__ASSIGNMENT__
Everything from the line with "Steamed snapper with" down to the line with "Close up of" below must be printed exactly, those two lines included. Exclude pictures.

__DATA SECTION__

※ ※ ※

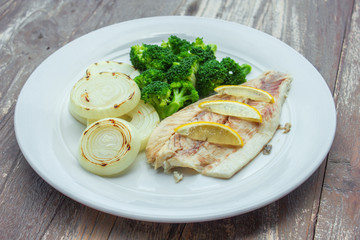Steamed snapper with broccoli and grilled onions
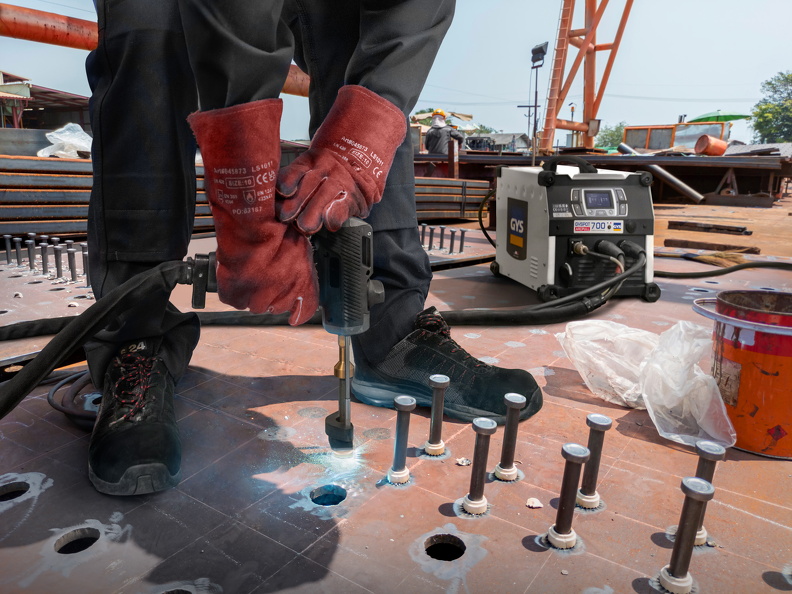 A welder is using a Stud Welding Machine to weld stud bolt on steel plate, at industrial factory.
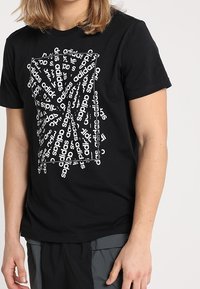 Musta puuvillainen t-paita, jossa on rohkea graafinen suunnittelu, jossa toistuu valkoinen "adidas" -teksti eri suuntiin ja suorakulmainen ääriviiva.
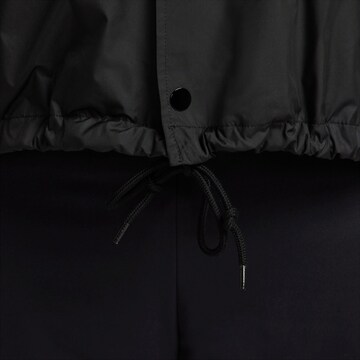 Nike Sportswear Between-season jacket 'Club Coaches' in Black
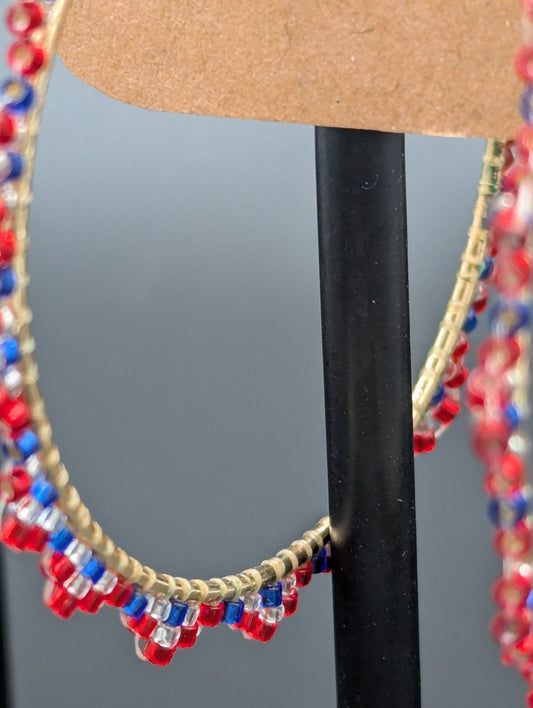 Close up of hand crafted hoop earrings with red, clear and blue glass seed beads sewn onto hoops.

※ ※ ※

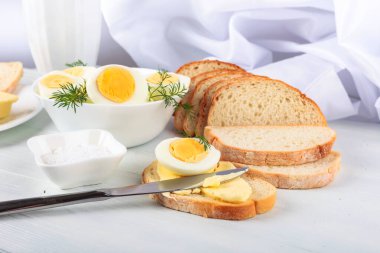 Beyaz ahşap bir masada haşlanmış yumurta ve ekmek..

※ ※ ※

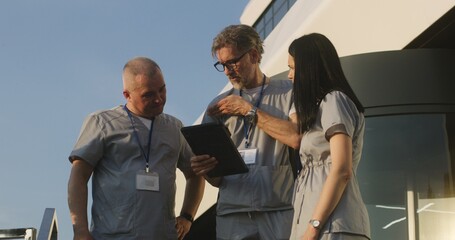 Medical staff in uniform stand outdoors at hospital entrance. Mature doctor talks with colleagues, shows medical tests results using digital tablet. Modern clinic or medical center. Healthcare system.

※ ※ ※

__EXPECTED ANSWER__
Steamed snapper with broccoli and grilled onions
 A welder is using a Stud Welding Machine to weld stud bolt on steel plate, at industrial factory.
 Musta puuvillainen t-paita, jossa on rohkea graafinen suunnittelu, jossa toistuu valkoinen "adidas" -teksti eri suuntiin ja suorakulmainen ääriviiva.
 Nike Sportswear Between-season jacket 'Club Coaches' in Black
 Close up of hand crafted hoop earrings with red, clear and blue glass seed beads sewn onto hoops.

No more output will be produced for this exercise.